▶ Task statement: Starting from the first line, set down the entire listing exactly.

▶ Supplied material:
====

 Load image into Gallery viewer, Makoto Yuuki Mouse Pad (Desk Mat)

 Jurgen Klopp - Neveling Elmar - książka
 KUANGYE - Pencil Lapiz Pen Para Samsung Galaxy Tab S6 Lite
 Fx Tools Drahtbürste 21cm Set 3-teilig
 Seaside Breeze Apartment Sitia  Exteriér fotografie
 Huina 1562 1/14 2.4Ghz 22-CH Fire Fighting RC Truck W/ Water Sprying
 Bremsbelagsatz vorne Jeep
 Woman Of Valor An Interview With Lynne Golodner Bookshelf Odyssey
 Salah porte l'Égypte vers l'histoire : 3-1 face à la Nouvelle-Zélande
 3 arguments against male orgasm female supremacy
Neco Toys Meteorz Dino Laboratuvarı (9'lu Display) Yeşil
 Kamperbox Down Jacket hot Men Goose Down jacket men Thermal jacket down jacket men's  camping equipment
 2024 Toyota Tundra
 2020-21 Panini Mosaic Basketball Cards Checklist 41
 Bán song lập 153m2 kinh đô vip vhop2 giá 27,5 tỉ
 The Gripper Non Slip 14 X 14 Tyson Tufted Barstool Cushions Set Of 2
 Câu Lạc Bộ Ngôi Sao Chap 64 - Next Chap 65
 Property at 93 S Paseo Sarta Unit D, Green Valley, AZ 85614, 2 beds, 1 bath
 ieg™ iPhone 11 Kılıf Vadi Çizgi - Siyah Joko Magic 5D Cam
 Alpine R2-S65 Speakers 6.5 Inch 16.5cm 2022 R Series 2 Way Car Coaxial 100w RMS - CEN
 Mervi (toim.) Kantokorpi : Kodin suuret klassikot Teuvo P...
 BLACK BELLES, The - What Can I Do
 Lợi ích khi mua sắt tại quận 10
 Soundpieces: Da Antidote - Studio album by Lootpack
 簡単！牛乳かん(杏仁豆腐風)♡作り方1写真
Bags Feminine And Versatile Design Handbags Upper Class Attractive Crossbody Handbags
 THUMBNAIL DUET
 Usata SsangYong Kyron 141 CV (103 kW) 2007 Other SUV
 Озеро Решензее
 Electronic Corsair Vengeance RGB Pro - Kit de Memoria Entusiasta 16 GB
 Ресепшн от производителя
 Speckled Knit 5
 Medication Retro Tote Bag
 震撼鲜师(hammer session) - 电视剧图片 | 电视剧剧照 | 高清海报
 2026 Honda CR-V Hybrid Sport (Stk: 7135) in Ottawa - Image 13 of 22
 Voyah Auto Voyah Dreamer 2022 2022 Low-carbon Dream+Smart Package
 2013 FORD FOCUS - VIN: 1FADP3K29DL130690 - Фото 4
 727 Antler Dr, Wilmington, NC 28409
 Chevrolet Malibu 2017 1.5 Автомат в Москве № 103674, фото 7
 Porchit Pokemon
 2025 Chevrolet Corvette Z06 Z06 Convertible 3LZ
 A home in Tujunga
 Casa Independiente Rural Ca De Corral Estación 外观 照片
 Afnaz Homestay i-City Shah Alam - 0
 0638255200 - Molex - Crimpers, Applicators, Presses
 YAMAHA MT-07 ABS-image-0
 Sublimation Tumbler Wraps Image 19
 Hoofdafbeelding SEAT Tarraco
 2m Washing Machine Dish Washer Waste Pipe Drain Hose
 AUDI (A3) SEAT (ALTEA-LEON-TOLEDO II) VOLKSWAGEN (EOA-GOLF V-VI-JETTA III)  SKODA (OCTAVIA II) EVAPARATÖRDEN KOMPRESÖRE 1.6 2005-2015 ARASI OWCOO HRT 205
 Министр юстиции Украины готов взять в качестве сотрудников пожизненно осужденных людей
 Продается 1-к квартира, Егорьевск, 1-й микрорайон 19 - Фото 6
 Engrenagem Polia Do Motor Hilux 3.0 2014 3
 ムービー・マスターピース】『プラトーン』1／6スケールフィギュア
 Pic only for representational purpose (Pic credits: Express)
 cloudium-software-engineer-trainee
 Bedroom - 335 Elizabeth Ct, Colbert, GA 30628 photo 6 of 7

====

▶ Your solution:
 Load image into Gallery viewer, Makoto Yuuki Mouse Pad (Desk Mat)

 Jurgen Klopp - Neveling Elmar - książka
 KUANGYE - Pencil Lapiz Pen Para Samsung Galaxy Tab S6 Lite
 Fx Tools Drahtbürste 21cm Set 3-teilig
 Seaside Breeze Apartment Sitia  Exteriér fotografie
 Huina 1562 1/14 2.4Ghz 22-CH Fire Fighting RC Truck W/ Water Sprying
 Bremsbelagsatz vorne Jeep
 Woman Of Valor An Interview With Lynne Golodner Bookshelf Odyssey
 Salah porte l'Égypte vers l'histoire : 3-1 face à la Nouvelle-Zélande
 3 arguments against male orgasm female supremacy
Neco Toys Meteorz Dino Laboratuvarı (9'lu Display) Yeşil
 Kamperbox Down Jacket hot Men Goose Down jacket men Thermal jacket down jacket men's  camping equipment
 2024 Toyota Tundra
 2020-21 Panini Mosaic Basketball Cards Checklist 41
 Bán song lập 153m2 kinh đô vip vhop2 giá 27,5 tỉ
 The Gripper Non Slip 14 X 14 Tyson Tufted Barstool Cushions Set Of 2
 Câu Lạc Bộ Ngôi Sao Chap 64 - Next Chap 65
 Property at 93 S Paseo Sarta Unit D, Green Valley, AZ 85614, 2 beds, 1 bath
 ieg™ iPhone 11 Kılıf Vadi Çizgi - Siyah Joko Magic 5D Cam
 Alpine R2-S65 Speakers 6.5 Inch 16.5cm 2022 R Series 2 Way Car Coaxial 100w RMS - CEN
 Mervi (toim.) Kantokorpi : Kodin suuret klassikot Teuvo P...
 BLACK BELLES, The - What Can I Do
 Lợi ích khi mua sắt tại quận 10
 Soundpieces: Da Antidote - Studio album by Lootpack
 簡単！牛乳かん(杏仁豆腐風)♡作り方1写真
Bags Feminine And Versatile Design Handbags Upper Class Attractive Crossbody Handbags
 THUMBNAIL DUET
 Usata SsangYong Kyron 141 CV (103 kW) 2007 Other SUV
 Озеро Решензее
 Electronic Corsair Vengeance RGB Pro - Kit de Memoria Entusiasta 16 GB
 Ресепшн от производителя
 Speckled Knit 5
 Medication Retro Tote Bag
 震撼鲜师(hammer session) - 电视剧图片 | 电视剧剧照 | 高清海报
 2026 Honda CR-V Hybrid Sport (Stk: 7135) in Ottawa - Image 13 of 22
 Voyah Auto Voyah Dreamer 2022 2022 Low-carbon Dream+Smart Package
 2013 FORD FOCUS - VIN: 1FADP3K29DL130690 - Фото 4
 727 Antler Dr, Wilmington, NC 28409
 Chevrolet Malibu 2017 1.5 Автомат в Москве № 103674, фото 7
 Porchit Pokemon
 2025 Chevrolet Corvette Z06 Z06 Convertible 3LZ
 A home in Tujunga
 Casa Independiente Rural Ca De Corral Estación 外观 照片
 Afnaz Homestay i-City Shah Alam - 0
 0638255200 - Molex - Crimpers, Applicators, Presses
 YAMAHA MT-07 ABS-image-0
 Sublimation Tumbler Wraps Image 19
 Hoofdafbeelding SEAT Tarraco
 2m Washing Machine Dish Washer Waste Pipe Drain Hose
 AUDI (A3) SEAT (ALTEA-LEON-TOLEDO II) VOLKSWAGEN (EOA-GOLF V-VI-JETTA III)  SKODA (OCTAVIA II) EVAPARATÖRDEN KOMPRESÖRE 1.6 2005-2015 ARASI OWCOO HRT 205
 Министр юстиции Украины готов взять в качестве сотрудников пожизненно осужденных людей
 Продается 1-к квартира, Егорьевск, 1-й микрорайон 19 - Фото 6
 Engrenagem Polia Do Motor Hilux 3.0 2014 3
 ムービー・マスターピース】『プラトーン』1／6スケールフィギュア
 Pic only for representational purpose (Pic credits: Express)
 cloudium-software-engineer-trainee
 Bedroom - 335 Elizabeth Ct, Colbert, GA 30628 photo 6 of 7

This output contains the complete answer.